Reproduce the listing that follows word for word, without its pictures.

[Given records — start]

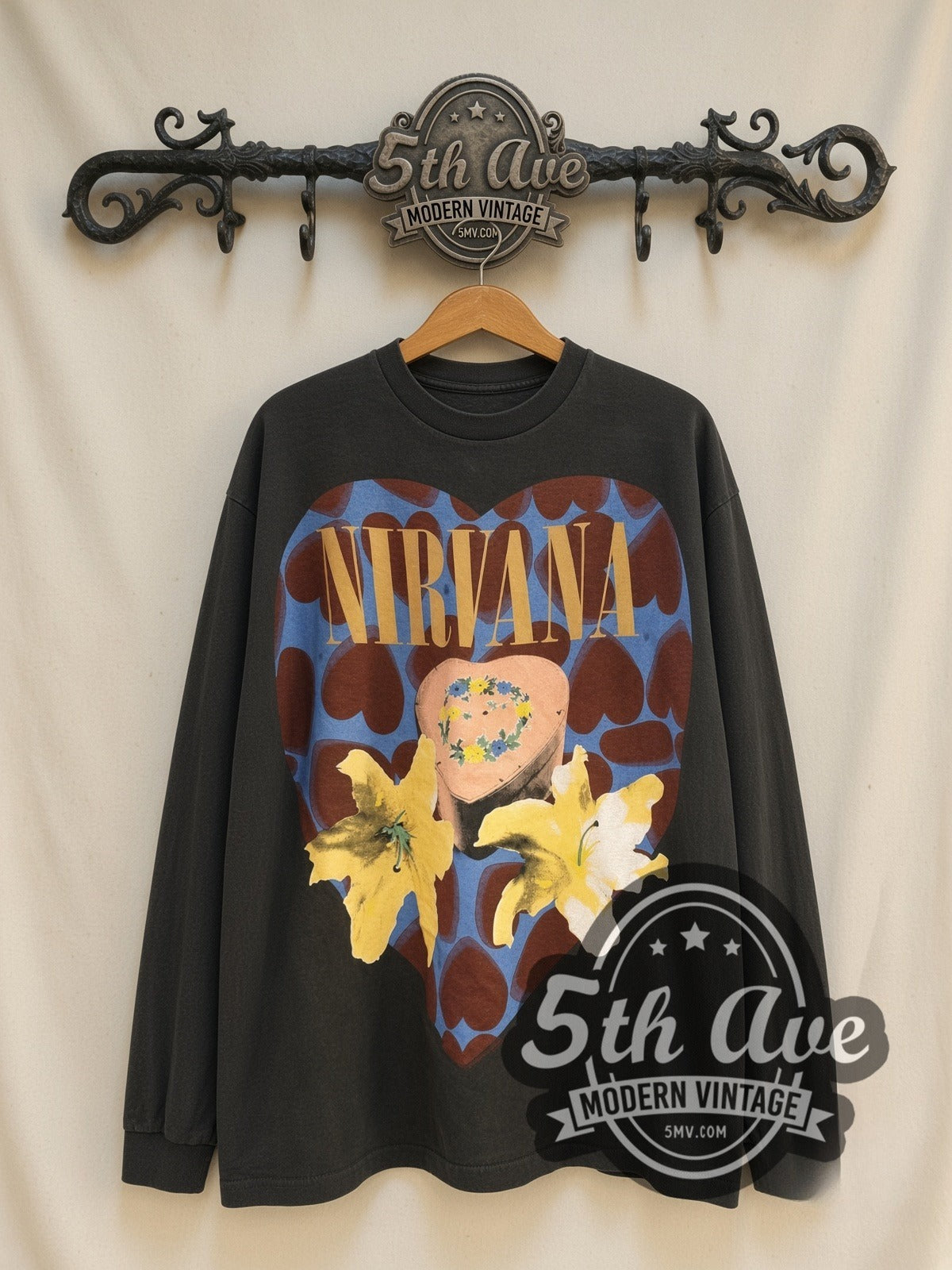 Nirvana Heart Lilies In Utero vintage band long sleeve t-shirt, front view on a display rack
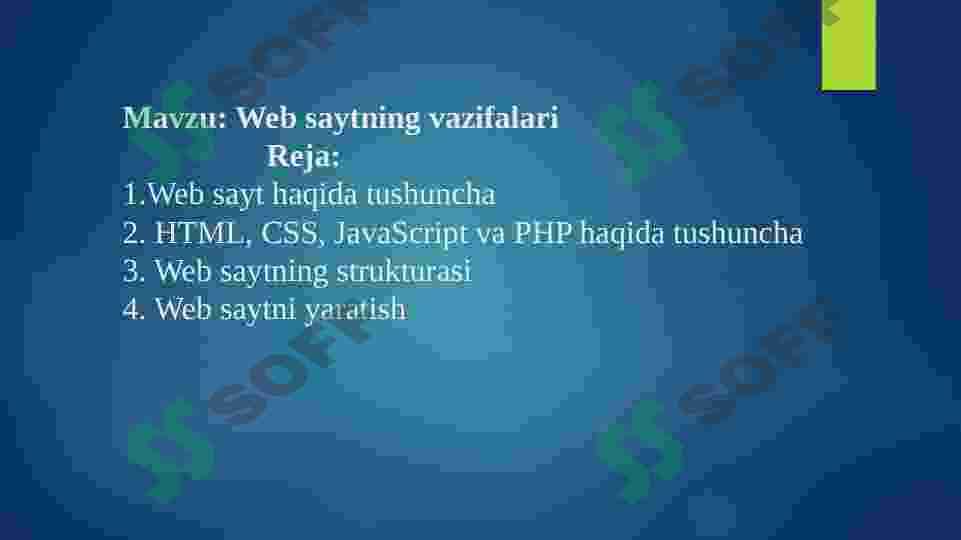 Web saytning vazifalari 2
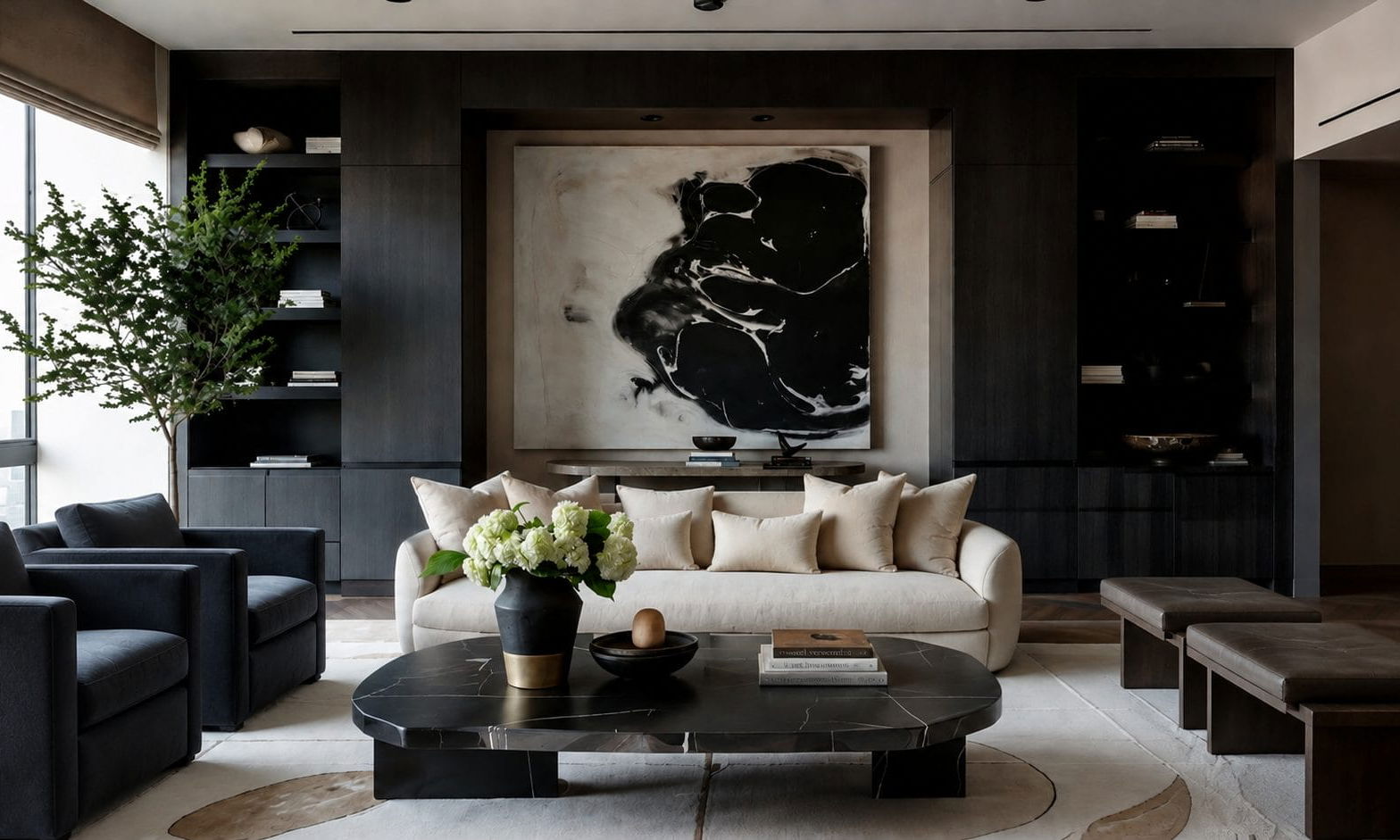Before & After: Minimalist Contemporary Living Room Design by interior decorators in Roseville, California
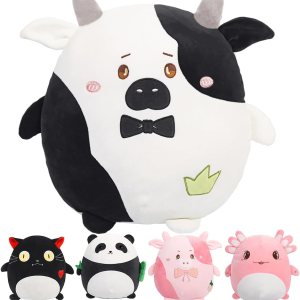 ARELUX Almohada suave de peluche de anime de vaca blanca y negra de 18 pulgadas, lindo juguete de peluche kawaii, decoración de habitación, ARELUX Almohada suave de peluche de anime de vaca blanca y negra de 18 pulgadas, lindo juguete de peluche kawaii, decoración de habitación,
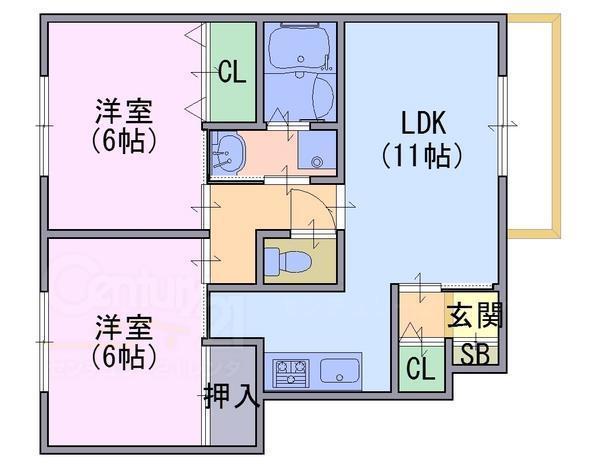 エクセレント天神の間取り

[Given records — finish]

### Answer section
 Nirvana Heart Lilies In Utero vintage band long sleeve t-shirt, front view on a display rack
 Web saytning vazifalari 2
Before & After: Minimalist Contemporary Living Room Design by interior decorators in Roseville, California
 ARELUX Almohada suave de peluche de anime de vaca blanca y negra de 18 pulgadas, lindo juguete de peluche kawaii, decoración de habitación, ARELUX Almohada suave de peluche de anime de vaca blanca y negra de 18 pulgadas, lindo juguete de peluche kawaii, decoración de habitación,
 エクセレント天神の間取り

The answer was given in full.